At one point, the elevator doors opened, and a young boy in a wheelchair exited, pushed by an elderly gentleman, his grandfather, I assumed. The man looked at the long line, and said, “Should we come back another day, Johnny?”

The boy’s disappointment was obvious, but before he could respond, a young girl at the end of the line spoke up: “You can get in front of me.” The grandfather was touched by the child’s generosity, thanked her and wheeled Johnny in front of her.

Then the next child in line spoke up: “Here, get in front of me.” This happened again and again, as one child after another gave up a place in line. I heard no complaints from the parents as their children chose to wait a bit longer for their turn. I sincerely hope those children got an extra gift from Santa that year. I’m certain they each earned a smile from their God.

Shopping on the day after Thanksgiving, you just might run smack up against the spirit of the season.

By Judith D. Ackerman, Sanford, NC


Ongoing Traditions

As far as I am concerned, there is just one peril to after-Thanksgiving-shopping: you may establish a tradition that will break your heart when it can no longer be maintained.

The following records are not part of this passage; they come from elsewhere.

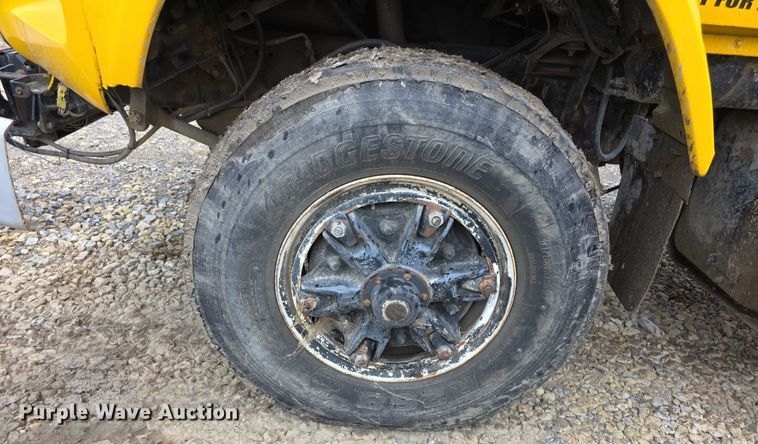 image for item EF3769 1991 Ford L8000 grain truck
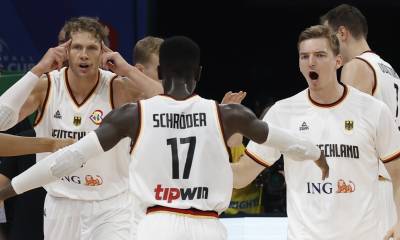 Una final para la historia. Un partido para el recuerdo que no pudo estar más igualado entre los dos mejores equipos del torneo / Foto: EFE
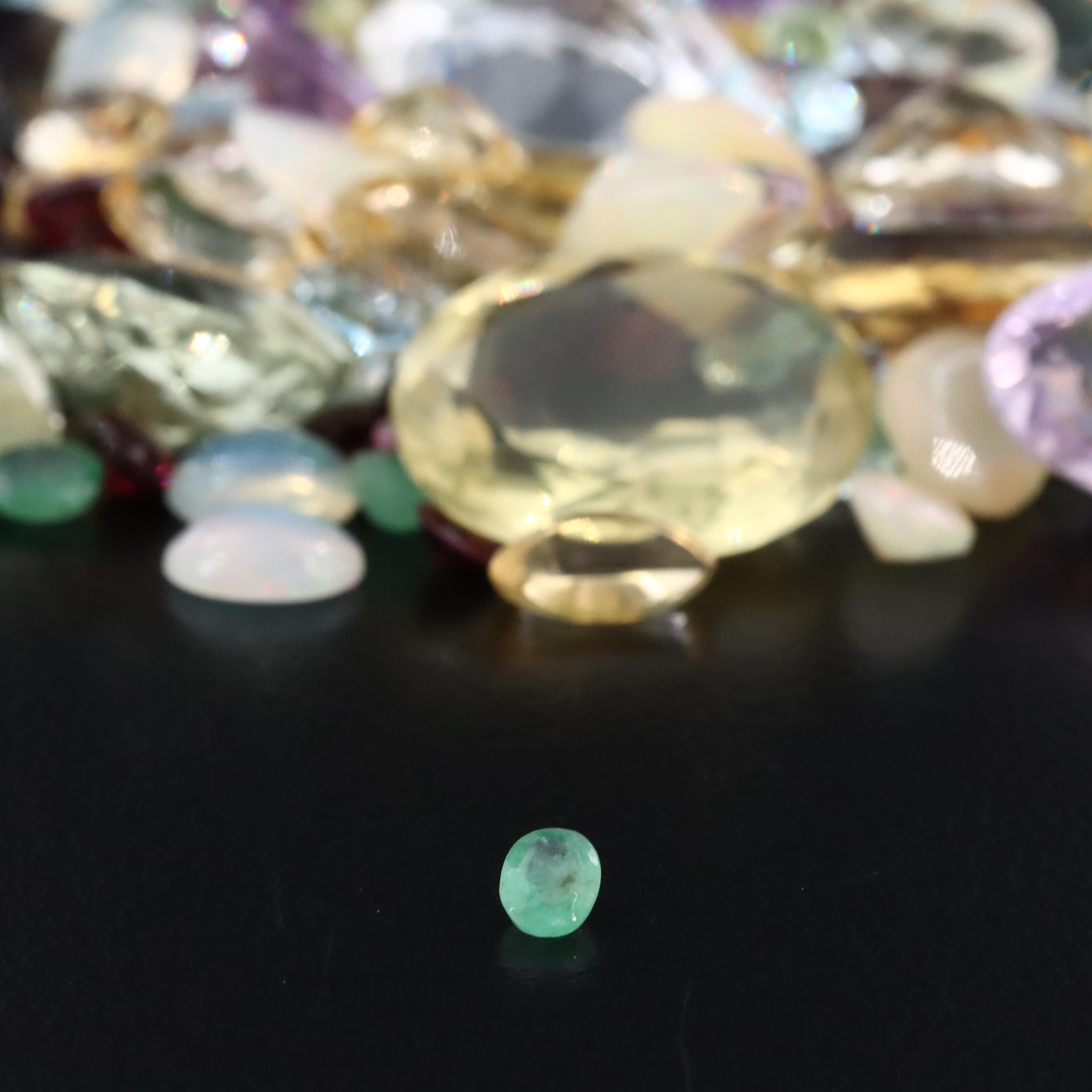 Loose 191.20 CTW Mixed Gemstone Lot with Blue Topaz, Citrine and Prasiolite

For more than 20 years, my daughter and I scoured the ads on Thanksgiving Day, plotted our itinerary and synchronized our watches and alarm clocks. At five a.m. on Friday, we dressed in comfortable clothes and shoes, grabbed a quick cup of coffee and headed out. We shivered in lines so we would be amongst the first 100 shoppers and would get a bag of treasures or sometimes a certificate for merchandise. We joked with other people in the line about the insanity of what we were doing and shared a brief camaraderie with them. We laughed at the foolish frenzy as we and what seemed like hundreds of others attacked each bin of marked-down something. We accompanied the piped-in holiday music with unabashed abandon. We oohed and aahed – and sometimes tsk-tsked – over the elaborate holiday decorations.

By ten a.m., our feet were aching and our arms were loaded down with packages, so we headed off to the nearest coffee shop and enjoyed a long breakfast with lots more coffee and some heart-to-heart talk. We had great fun. We shared a closeness often missing in our separate busy lives. When family members said we were nuts, we just smiled.

Now distance and time have put a period to this wonderful day we spent together each year. Still, my daughter wrote that this year she plans on taking my 15-year-old granddaughter on an early morning excursion the day after Thanksgiving. Maybe traditions don’t have to end after all.